A geosynchronous orbit is when a satellite or other device’s orbit matches the Earth’s rotation so that the satellite travels around the Earth in a straight line and stays at the same point in the sky relative to the Earth. This means that as the Earth rotates, the satellites rotates  around the Earth at the same speed so that its relative position never changes. Geosynchronous orbits are used for a number of purposes, including monitoring a specific region and communicating with Earth-based systems. Geosynchronous orbits include geostationary orbits, super-synchronous orbits, sub-synchronous orbits, and graveyard orbits.

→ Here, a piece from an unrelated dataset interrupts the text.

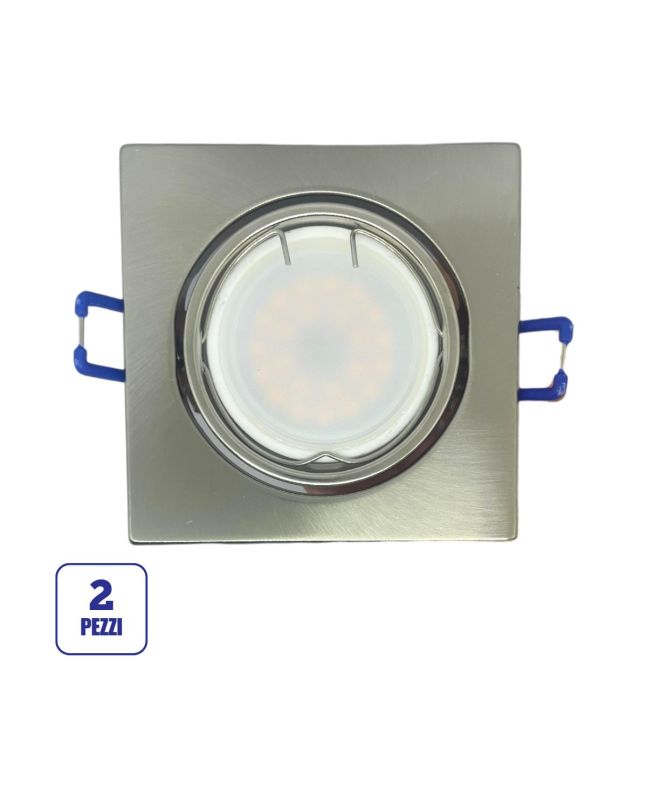 2x Portafaretto GU10/MR16 Quadrato Orientabile 8.2x8.2cm - Nickel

How a Geosynchronous Orbit Works
A geosynchronous orbit is relatively common and many communication and surveillance satellites currently travelling around the Earth use it. Geosynchronous orbits often occur in nature with moons, asteroids, or other natural satellites and chemical rocket thrusters that keep the satellite from floating off into space or crashing into the Earth can artificially produce them. Computer systems and ground-based controllers that activate the thrusters at a highly calculated time and position control these chemical rocket thrusters in order to keep the satellite in the same position throughout its orbit.

Applications
Geosynchronous orbits are used for communication, surveillance, and data transfers. For example, a satellite with a geosynchronous orbit provides Internet access and phone service to users in rural areas that do not have local service providers. Geosynchronous satellites can also be used to survey a landmass for map-making, spy on military forces on the ground, and listen in on communication broadcasts from all over the world.

Advantages
Geosynchronous orbits have several advantages over other types of orbits. For example, geosynchronous orbits allow ground systems to stay in communication with satellites and prevent the satellite from wandering away from where it is expected to be. Geosynchronous orbits allow two-way communication with ground stations on a daily basis and allow the satellite to cover a much larger area than a geostationary orbit.

Disadvantages
Although geosynchronous orbits are advantageous, they also have several disadvantages. For example, geosynchronous orbits cause a slight delay in the time it takes for radio signals to reach the satellite and return to a ground station on the Earth. This delay causes a significant loss of data and lack of real-time communication, especially for Internet and telephone services. Another disadvantage is that they do not cover all areas of the Earth, especially in the Northern hemisphere, where land masses and curvature of the Earth tend to block radio signals.